Le cœur du sujet est l’amour, on s’en doute avec le titre. On apprend à connaître les femmes marquantes de la vie de cet avocat. Ce sont de très beaux portraits de femmes, le regard posé sur elles est extrêmement masculin. L’amour est intimement lié au désir, ce qui me semble, n’est pas systématiquement le cas dans la vie, mais qu’importe, laissons-nous chanter la pomme ! L’angle exploité par Michel Jean est l’attachement lié à l’engagement, qu’il n’y a qu’à ce moment-là qu’on se rencontre soi, sinon, on glisse au-dessus de sa vie, que la pente soit douce ou abrupte.
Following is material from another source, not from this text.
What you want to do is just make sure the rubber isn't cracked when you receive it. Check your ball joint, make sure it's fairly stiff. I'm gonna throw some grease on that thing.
Comme toute une vie est à raconter sous l’angle de l’amour, les grandes lignes se jettent sur le meilleur du pire, pas le pire du meilleur. Suis-je claire ? Non. Je m’essaie autrement. Une morte par exemple est décrite d’une manière assez lisse, l’effet de la mort sur le narrateur est détaillé par contre. Même chose pour la naissance, on passe rapidement. Ainsi, le propos ne déroge pas de sa trajectoire ; cerner la force que donne l’amour d’un homme pour une femme. Et pour connaître le sens de l'amour, faut-il le perdre ?
Je suis certainement subjective, vous irez vérifier vous-mêmes !, mais j’imagine mal une femme saine et honnête restée insensible au regard amoureux de Marc-Antoine. Le galbe d’un sein est important, on s’entend, mais je n’ai jamais autant entendu de descriptions de sourires de ma vie ! La femme est lumière dans ce roman. Ça fait du bien quand même !
J’ai aimé ma lecture, au SPA Eastman en plus (séjour gagné dans le cadre d’un concours !), c’était l’idéal. Je pense qu’on a besoin de romans qui voguent en toute simplicité sur la vie en y jetant une lumière particulière. On sort de cette lecture apaisée, élevée, et qui sait, prêt à s’engager encore plus loin ?
Une vie à aimer, Michel Jean, Éditions Libre Expression, 220 pages.